■ **Data**
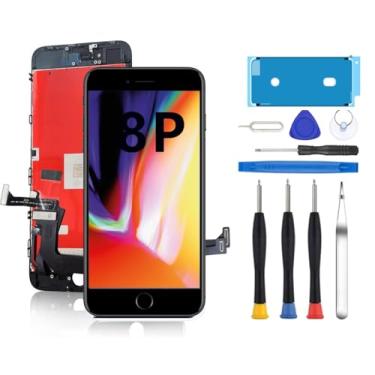 Imagem de Yuntunele Substituição de tela para iPhone 8 Plus 14.0 cm LCD digitalizador touch screen LCD conjunto de moldura de tela de substituição com ferramentas de reparo (preto)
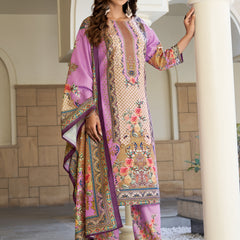Lilac Mughal Floral Kurta Set with Dupatta
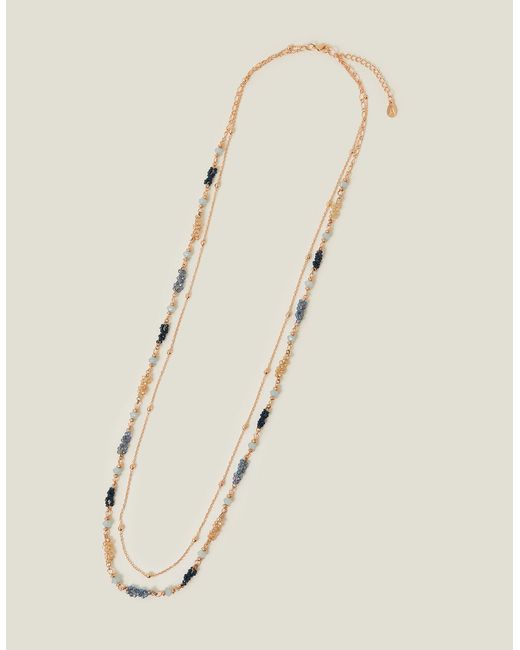 Accessorize Metallic Layered Facet Bead Necklace
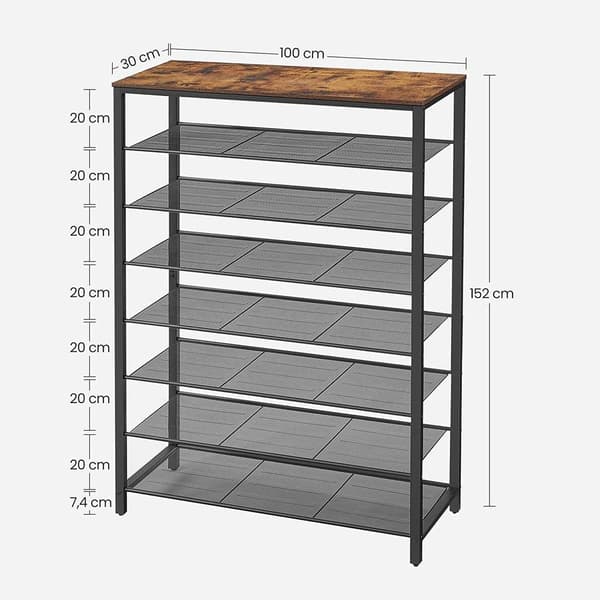 Rootz-kenkäteline - 7 ristikkohyllyä kenkäteline - kenkien säilytysteline - kenkien järjestäjä - kenkäkaappi - kenkähylly - vintage ruskea/musta - 100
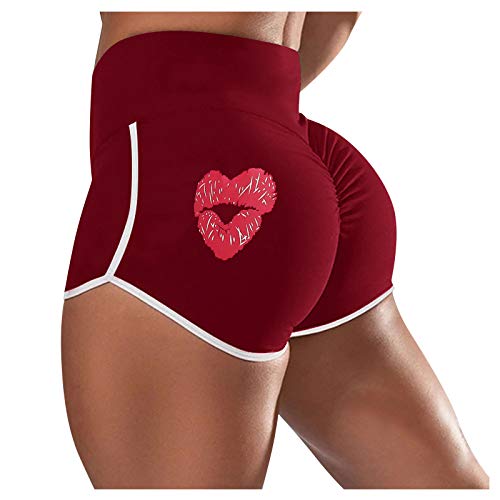 Bblulu Booty Scrunch Workout Shorts for Women Lip Print Ruched Gym Yoga High Waist Shorts Butt Lifting Hot Pants Summer Pants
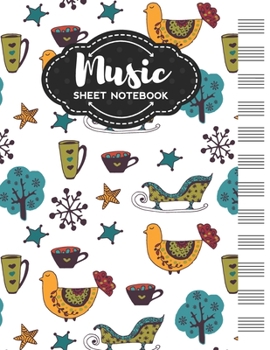 Paperback Music Sheet Notebook: Blank Staff Manuscript Paper with Unique Christmas Themed Cover Design Book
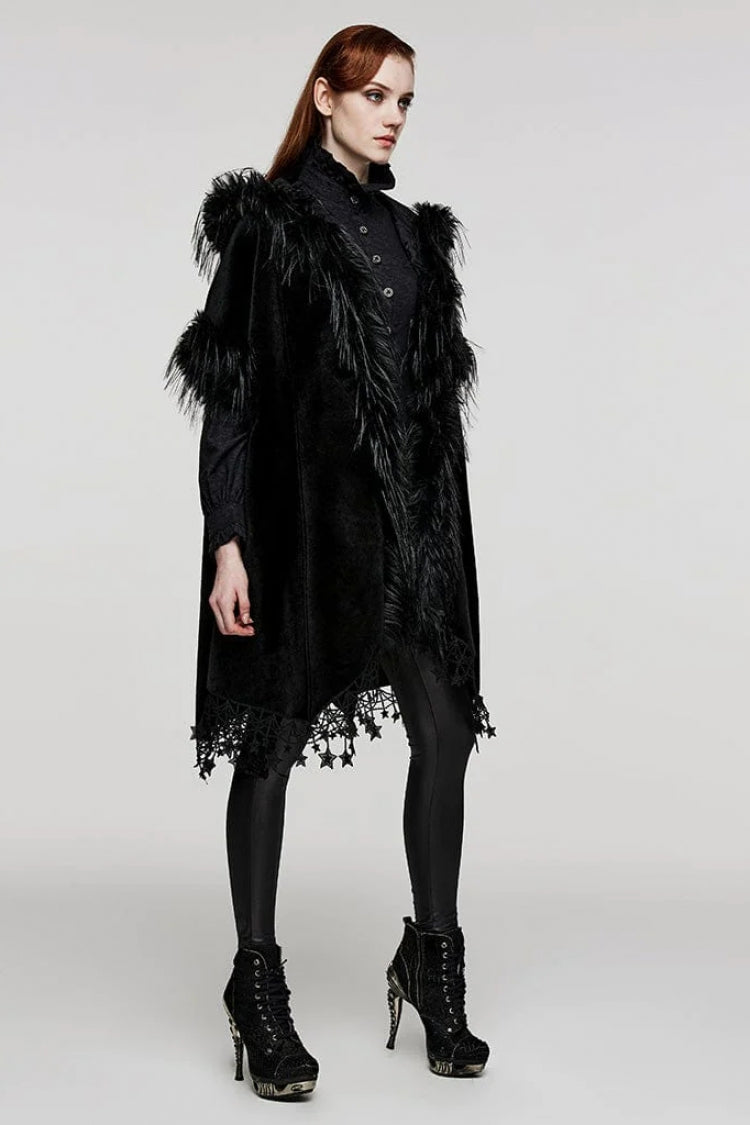 Black Bat Sleeves Tassel Faux Fur Stitching Lace Hooded Womens Gothic Elegant Cloak - Product - 4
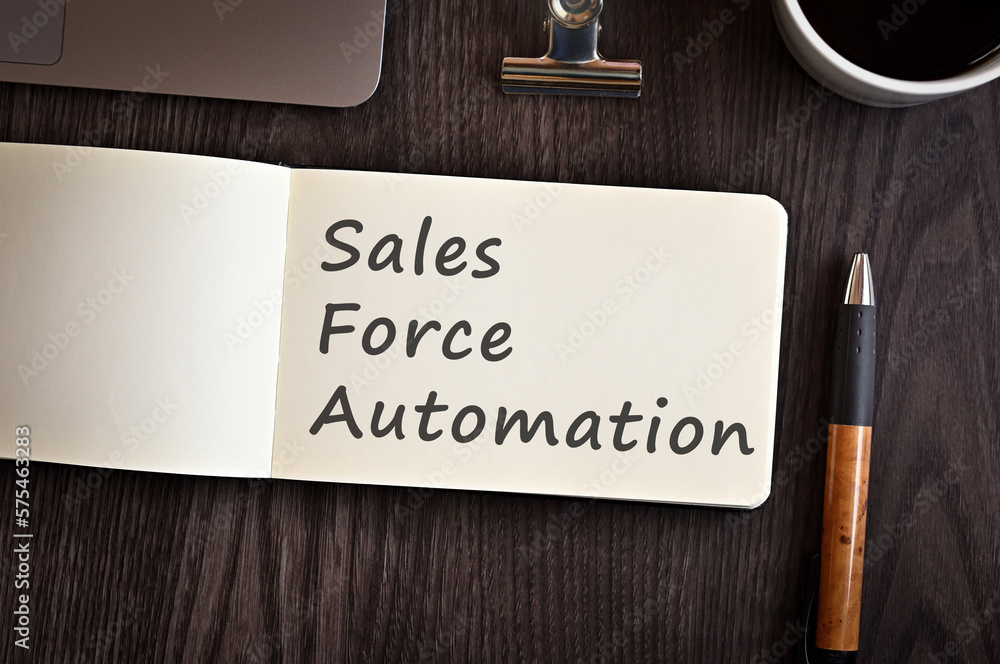 Aufkleber there is notebook with the word sales force automation. it is an eye-catching image.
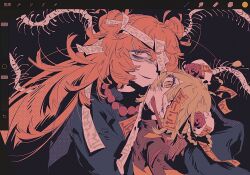  2girls bead_necklace beads black_background black_dress blonde_hair bug centipede don_quixote_(project_moon) double_bun dress e.g.o_(project_moon) flower grin hair_bun highres hundred-footed_death_maggot_(e.g.o) ishmael_(project_moon) jewelry limbus_company long_hair long_sleeves looking_at_viewer meijiichigo multiple_girls necklace ofuda ofuda_on_head open_mouth orange_hair project_moon red_flower red_rose red_sheet_(e.g.o) rose shaded_face sidelocks simple_background smile very_long_hair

■ **Task statement**
Every line of the material should be repeated precisely; pictures are to be excluded.

■ **Output for this task**
 Imagem de Yuntunele Substituição de tela para iPhone 8 Plus 14.0 cm LCD digitalizador touch screen LCD conjunto de moldura de tela de substituição com ferramentas de reparo (preto)
Lilac Mughal Floral Kurta Set with Dupatta
 Accessorize Metallic Layered Facet Bead Necklace
 Rootz-kenkäteline - 7 ristikkohyllyä kenkäteline - kenkien säilytysteline - kenkien järjestäjä - kenkäkaappi - kenkähylly - vintage ruskea/musta - 100
 Bblulu Booty Scrunch Workout Shorts for Women Lip Print Ruched Gym Yoga High Waist Shorts Butt Lifting Hot Pants Summer Pants
 Paperback Music Sheet Notebook: Blank Staff Manuscript Paper with Unique Christmas Themed Cover Design Book
 Black Bat Sleeves Tassel Faux Fur Stitching Lace Hooded Womens Gothic Elegant Cloak - Product - 4
 Aufkleber there is notebook with the word sales force automation. it is an eye-catching image.
  2girls bead_necklace beads black_background black_dress blonde_hair bug centipede don_quixote_(project_moon) double_bun dress e.g.o_(project_moon) flower grin hair_bun highres hundred-footed_death_maggot_(e.g.o) ishmael_(project_moon) jewelry limbus_company long_hair long_sleeves looking_at_viewer meijiichigo multiple_girls necklace ofuda ofuda_on_head open_mouth orange_hair project_moon red_flower red_rose red_sheet_(e.g.o) rose shaded_face sidelocks simple_background smile very_long_hair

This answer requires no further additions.